Abstract

Achieving a satisfactory functional recovery after severe peripheral nerve injuries (PNI) remains one of the major clinical challenges despite advances in microsurgical techniques. Nerve autografting is currently the gold standard for the treatment of PNI, but there exist several major limitations. Accumulating evidence has shown that various types of nerve guidance conduits (NGCs) combined with post-natal stem cells as the supportive cells may represent a promising alternative to nerve autografts. In this study, gingiva-derived mesenchymal stem cells (GMSCs) under 3D-culture in soft collagen hydrogel showed significantly increased expression of a panel of genes related to development/differentiation of neural crest stem-like cells (NCSC) and/or Schwann cell precursor-like (SCP) cells and associated with NOTCH3 signaling pathway activation as compared to their 2D-cultured counterparts. The upregulation of NCSC-related genes induced by 3D-collagen hydrogel was abrogated by the presence of a specific NOTCH inhibitor. Further study showed that GMSCs encapsulated in 3D-collagen hydrogel were capable of transmigrating into multilayered extracellular matrix (ECM) wall of natural NGCs and integrating well with the aligned matrix structure, thus leading to biofabrication of functionalized NGCs. In vivo, implantation of functionalized NGCs laden with GMSC-derived NCSC/SCP-like cells (designated as GiSCs), significantly improved the functional recovery and axonal regeneration in the segmental facial nerve defect model in rats. Together, our study has identified an approach for rapid biofabrication of functionalized NGCs through harnessing 3D collagen hydrogel-directed conversion of GMSCs into GiSCs.

Highlights

  • Mesenchymal stromal/stem cells (MSCs), a subpopulation of postnatal stem cells existing in almost all mesodermal connective tissues[1], possess multipotent differentiation capabilities, potent immunomodulatory/anti-inflammatory functions, and pleiotropic effects through the secretion of a large panel of growth factors, making them a good candidate for cell-based therapies to treat a large spectrum of diseases or pathological conditions[2,3], including peripheral nerve regeneration[4,5]

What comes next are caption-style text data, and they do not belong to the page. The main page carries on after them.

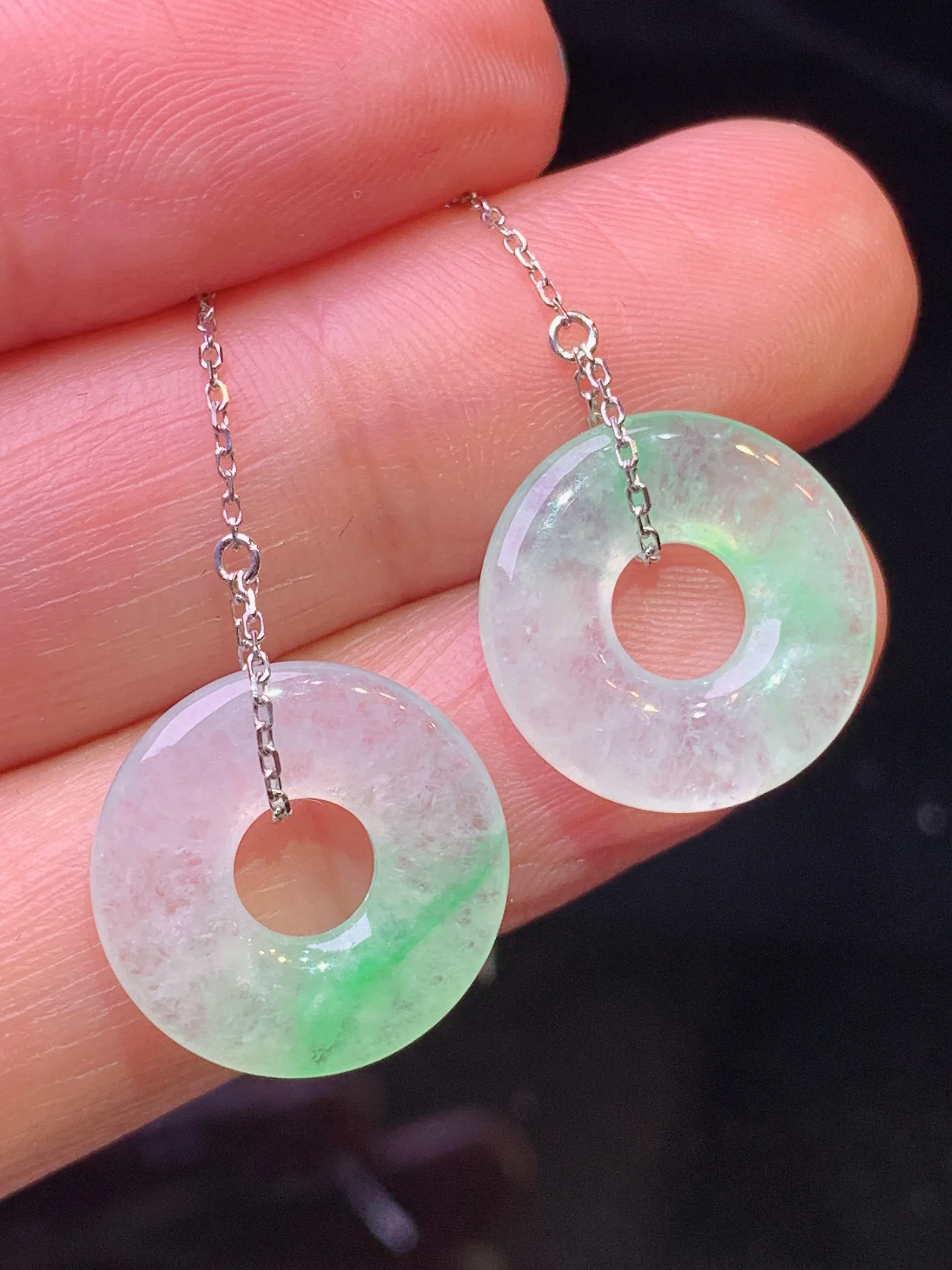 18金镶嵌飘绿平安环耳坠 玉质细腻 色泽清新艳丽 整体尺寸14.5*3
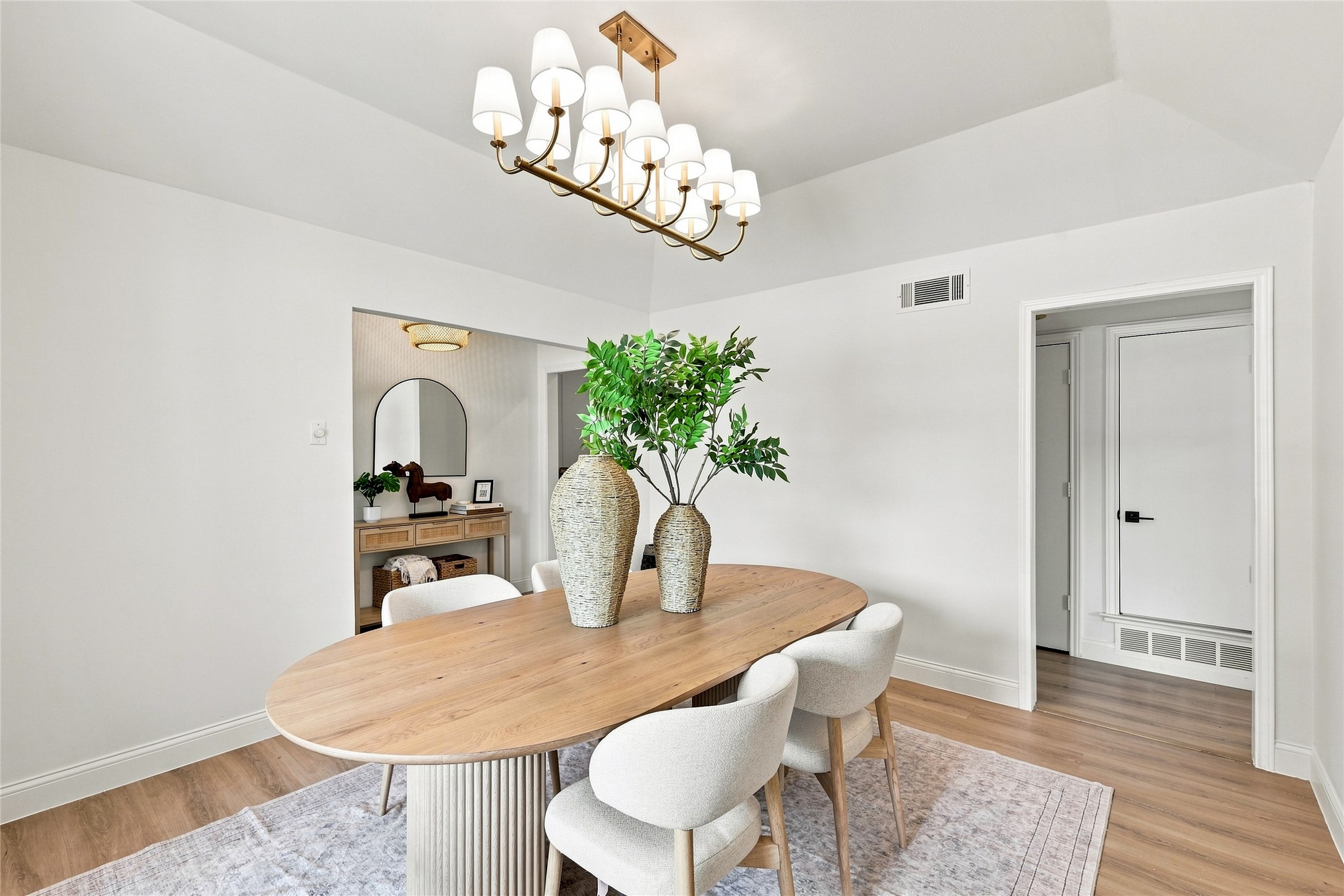 1107 Sundial Drive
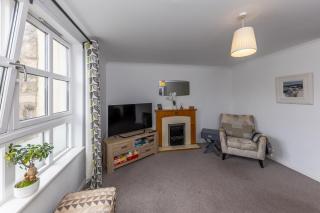 Next to the Palace and Royal Mile with parking - 9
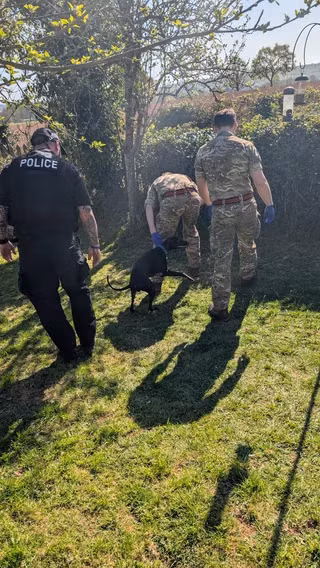 Họ cảnh báo anh không nên động vào vật thể lạ và lập tức liên hệ cảnh sát để đảm bảo an toàn. (Ảnh: Reddit)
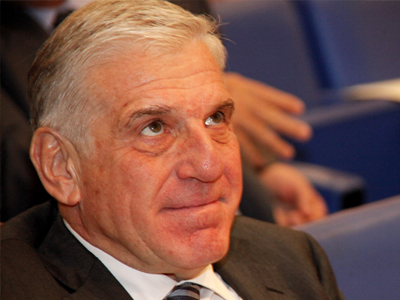 Σφίγγει ο κλοιός γύρω από τον Γιάννο Σφίγγει ο κλοιός γύρω από τον Γιάννο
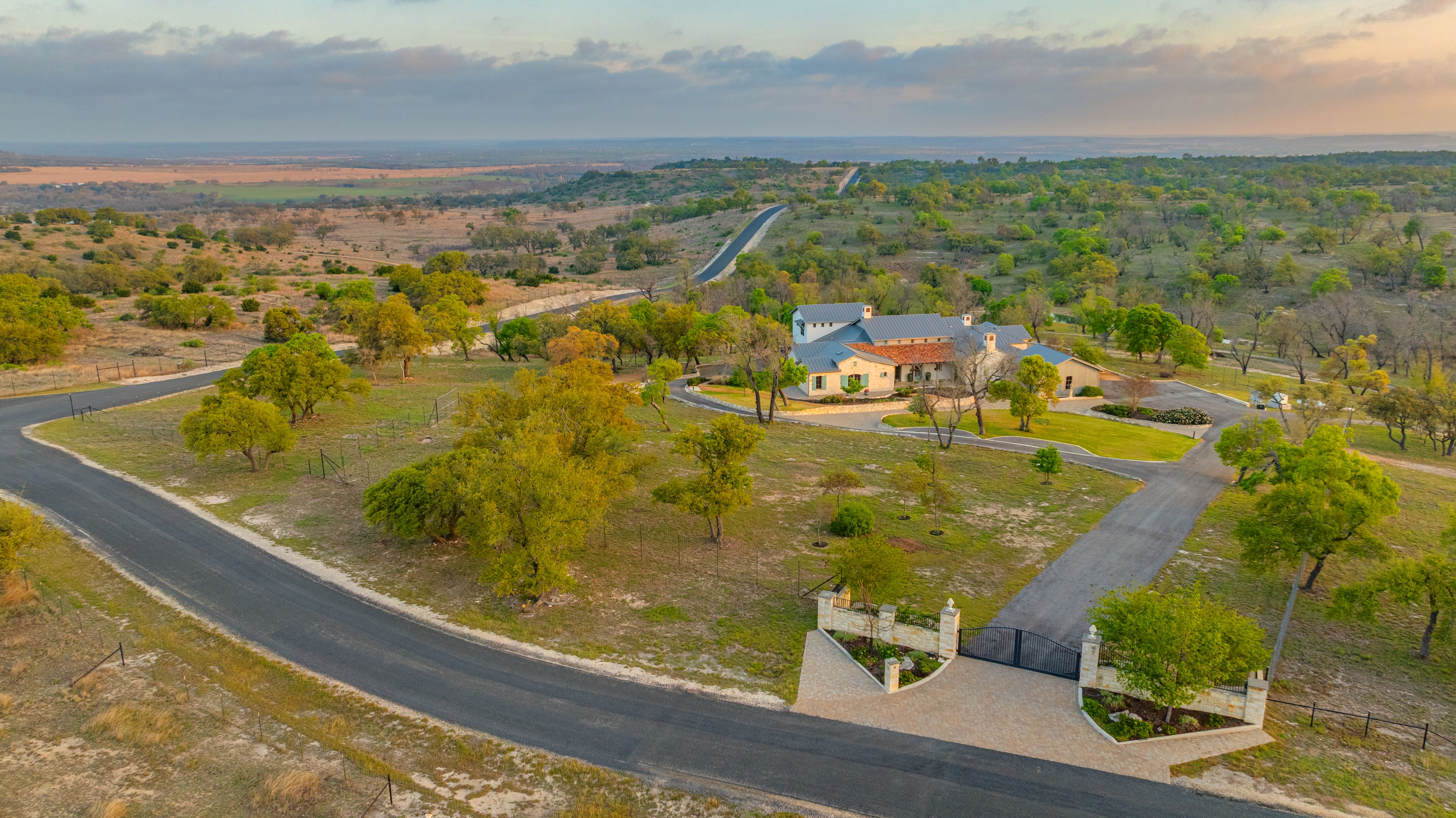  French Country Elegance in the Texas Hill Country - 物件實景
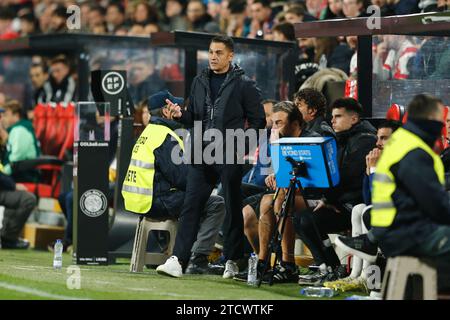 Madrid, Spanien. Dezember 2023. Francisco (Rayo) Fußball/Fußball : spanisches Spiel "LaLiga EA Sports" zwischen Rayo Vallecano 0-0 RC Celta de Vigo im Estadio de Vallecas in Madrid, Spanien. Quelle: Mutsu Kawamori/AFLO/Alamy Live News Stockfoto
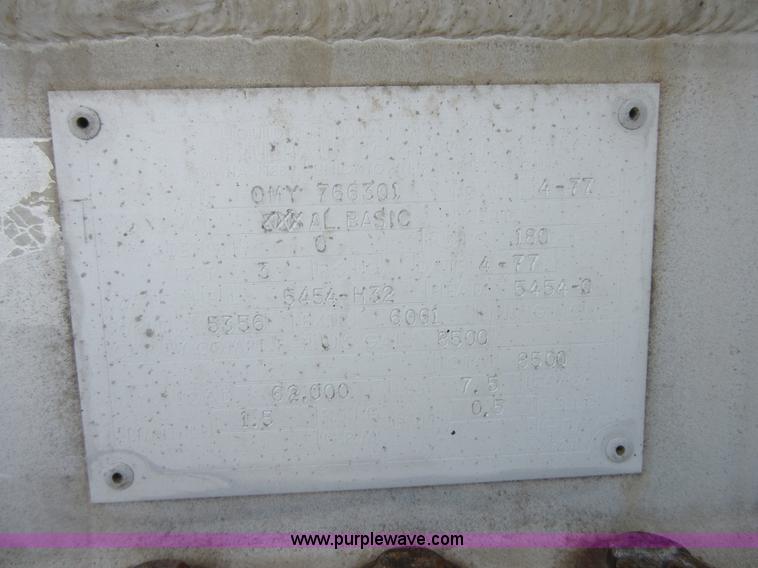 image for item I2068 1977 Fruehauf TA0-F2-R tank trailer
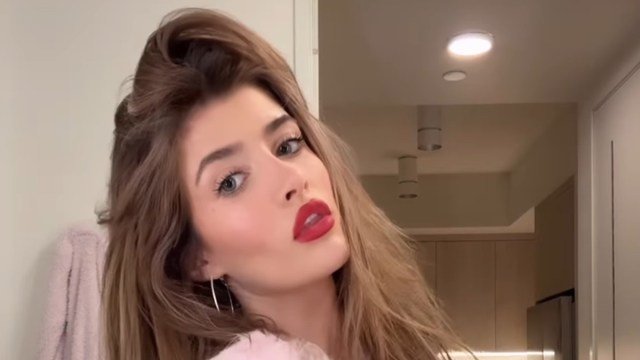 Sami Sheen Stuns Instagram with Her Pink Bathrobe Glam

  • 3D-collagen hydrogel drives the conversion of GMSCs into neural crest stem-like cell (NCSC)/Schwann cell precursor-like (SCP)-like cells According to our previous studies[35], human gingiva-derived mesenchymal stem cells (GMSCs) were routinely isolated and characterized by the expression of several MSC-associated cell surface markers, e.g., CD44, CD73, and CD90, but negative for hematopoietic cell markers, e.g., CD45 (Supplementary Fig. 1a, b) as well as their multipotent differentiation capacities into adipocytes (Supplementary Fig. 1c, d) and osteocytes (Supplementary Fig. 1e, f)

  • We initially cultured GMSCs for 48 h in methacrylated 3D-collagen hydrogel with different matrix densities or stiffness achieved by varying collagen concentrations (2, 3, 4, 6 mg/mL) with regular MSC culture medium (α-MEM + 10% FBS) (Fig. 1a), and mRNA expression of NCSC/SCP-related genes was determined by Quantitative real-time polymerase chain reaction (qRT-PCR)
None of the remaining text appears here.